Scam isn’t exactly the word I’m looking for, really. Con? Not that either. . .
Racket! That’s the Word I’m looking for. The Advanced Placement system, at least when it comes to English language and literature, is a big racket.
Okay, that’s not really fair. But neither is success in life based on, as Nicholas Lemann put it so well in The Big Test, (which I’ve just begun reading), “A test of one narrow quality . . . “ and he continues, “the ability to perform in school, stands firmly athwart the path to success. Those who don’t have that ability will have much less chance than those who do to display their other talents later.” And now more and more, it’s not even academic achievement that’s defining narrow scholastic achievement, it’s the ability to take (and to suffer the tedium of training for) tests. But, as I was saying, the people behind the A.P. racket are educators and administrators and politicians, many of whom have good intentions when it comes to education, who think they’re doing the right thing, and “racket,” well, it suggests evil, and individuals reaping huge dollars and escaping on speedboats racing out to yachts. But perhaps I’m beginning to digress.
Last week, a thousand or so other folks and I went to Louisville to work 8-5 for seven days straight reading around a thousand student essays each responding to a question (“prompt” is the official term) regarding Benjamin Banneker’s letter to Thomas Jefferson urging Jefferson to work to put an end to slavery. The exam condensed the letter down to a 500-or-so word passage, and asked students to explain how Banneker argues his case. We graded the essays on a 0-9 scale (which eventually is translated to a 1-5 score the students receive). Students scoring a 3 (out of 5) on the exam, based on criteria we were trained (“normed”) on, might get college credit for the course. (For a great many colleges, a higher score than that is necessary to get credit, arguably in no small part because the test has gotten arguably easier or is scored arguably more leniently than it once was as more and more students take the test and, well, students are the end customers. Whether that cynical view is true is oft debated. I’d say about fifteen percent of the tests I read got a “passing” score of 5 or above (out of 9), if that many.
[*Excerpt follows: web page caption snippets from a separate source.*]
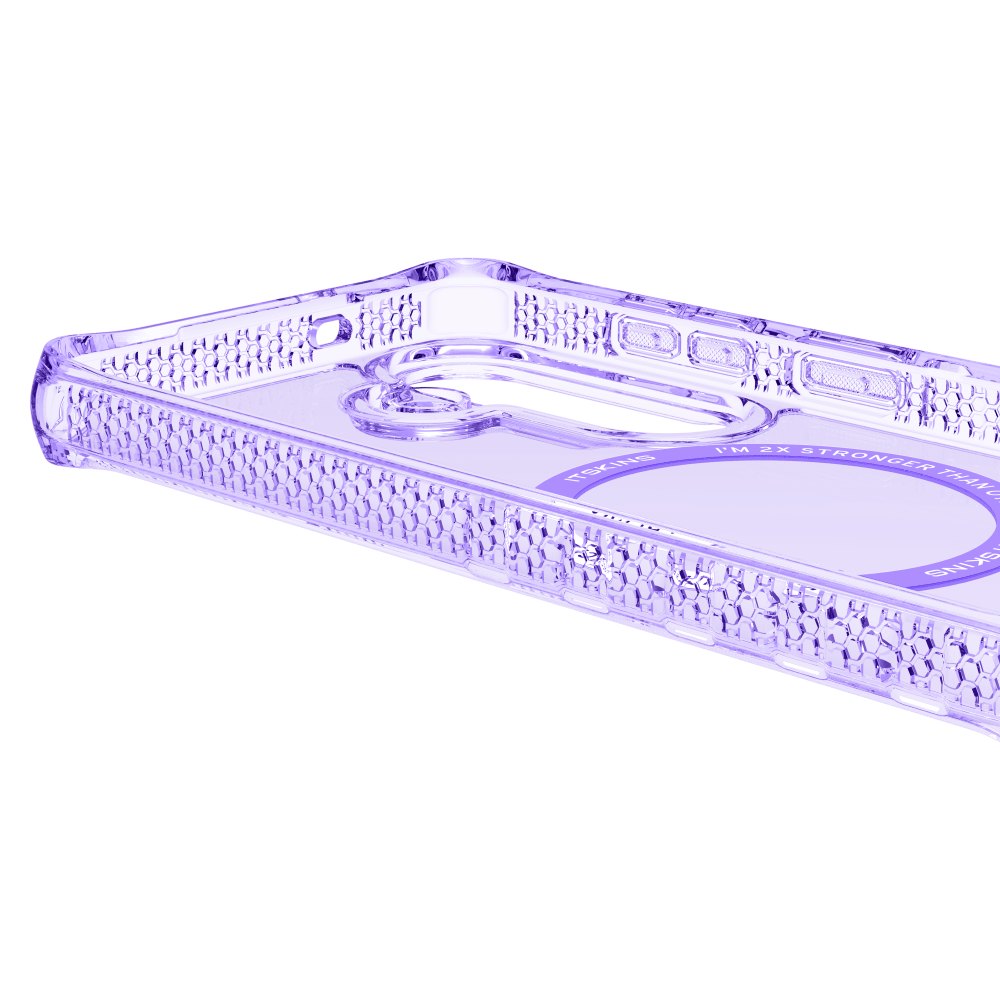 Wholesale cell phone accessory ITSKINS - Hybrid_R Clear MagSafe Case for Samsung Galaxy S26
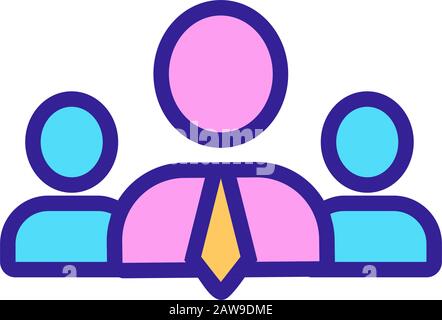 mentor icon vector. Isolated contour symbol illustration Stock Vector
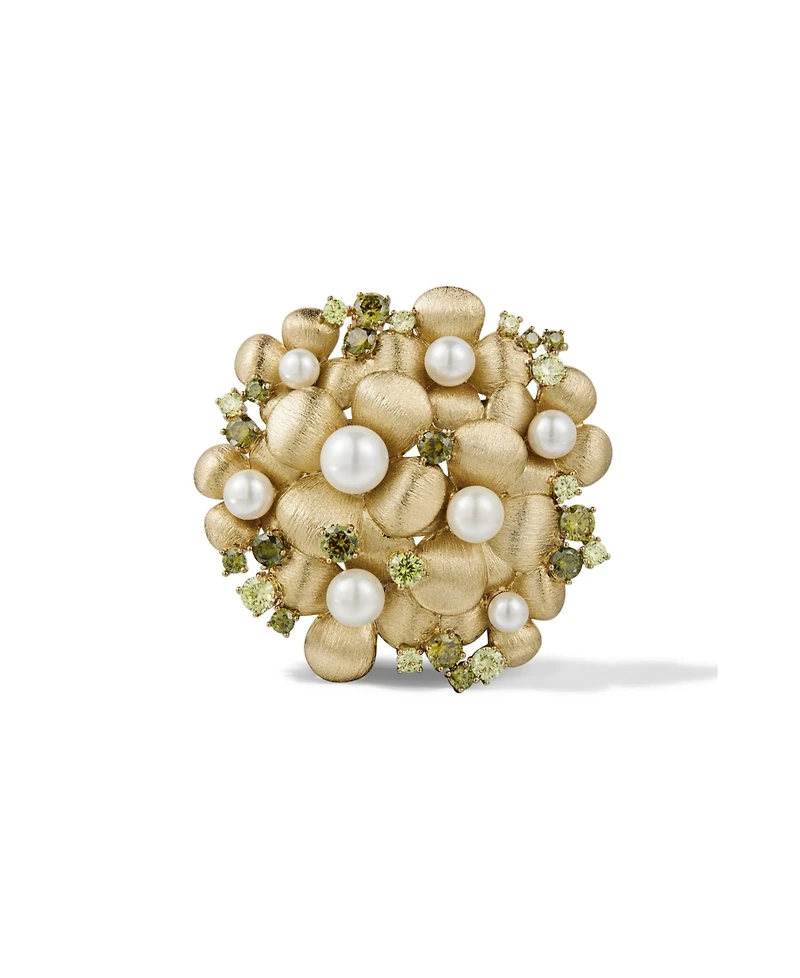 Retro Chic Garden Blossom Brooch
Why? Quite simply, because there were a great, great number of students, a huge majority, who had no place in an “Advanced Placement” English class taking the course, and thus the test.
So why were so many students who stood no chance of success taking the $86 test? Because tests, as many of you know, are what schools are all about in the No-Child-Left-Behind era, so schools get grants and other state and federal money based on how many students take the test. And then many of the schools use some of said revenue to pay the students’ fee to take the exam. And then students of all levels spend good chunks of their year in English class being coached in test-taking techniques and arcane and largely outdated and useless literary and rhetorical terms (which, ironically, we readers are not encouraged to give more credit for students’ use of. In fact, seeing them arguably alerts a reader to a perhaps adequate but likely not extraordinary student who’s not actually thinking and analyzing and even writing, just plugging in rote memorization) instead of being taught how to read and write, how to appreciate, comprehend, even enjoy the English language. So lower-level learners who could use a more traditional reading and writing English class don’t learn what they need to be literate citizens, and the more advanced students don’t learn what they should either, they learn how to take a test. And then students of all levels become haters of English class because it bears no relevance to their lives, teaches them nothing, and is no fun. And, of course, thinking of Thrive, not too far down that line, more and more students drop out altogether.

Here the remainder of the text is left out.